If it happens, it happens, and to paraphrase the words of Kevin Keegan “I would certainly love it”.
I’ve always been a big fan of boxing promoter Eddie Hearn, who followed in his father Barry’s footsteps, and has taken domestic boxing to a new level.
However, I seriously question the reasoning behind taking Paul Smith to fight Andre Ward in California last weekend.
In a catch weight contest, Smith came in over the weight and had to forfeit part of his purse in order to get the fight on.
He was then outclassed by Ward in every round and was handed a savage beating, which only finished when his own corner threw the towel in during the ninth round after Smith had his nose broken.

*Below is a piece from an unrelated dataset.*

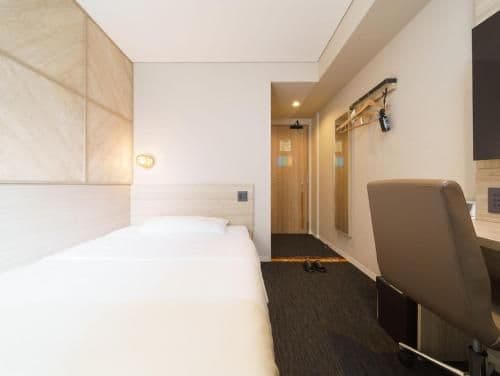 Single Room - Non-Smoking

I’ve been privileged to have met Smith a number of times over the years and, outside the ring, he is a really nice bloke and very much a family man.
Yes, he’s a boxer, and he knows the risks when he goes between the ropes.
But there are levels and what I watched on Saturday night was a mismatch and something I didn’t think someone as clued up as Eddie Hearn would have been party to, whatever the financial rewards on offer.
The controversy of Olympic hero Mo Farah’s trainer Alberto Salazar is one of those situations that will unfortunately taint Farah’s gold medal success – however much people attempt to distance the runner from any wrongdoing.
I’ve no doubt in my mind that Farah is 100 per cent clean.
His medals were won fairly and his alleged missing of pre-Olympic drug tests are no more than an oversight.
Unfortunately, we have a section of the media, and not necessarily the sport section, who would be better placed in the times of the French Revolution, sitting at the foot of the guillotine knitting.
How sad that, in this day and age, Farah’s good old fashioned loyalty is deemed an error of judgement?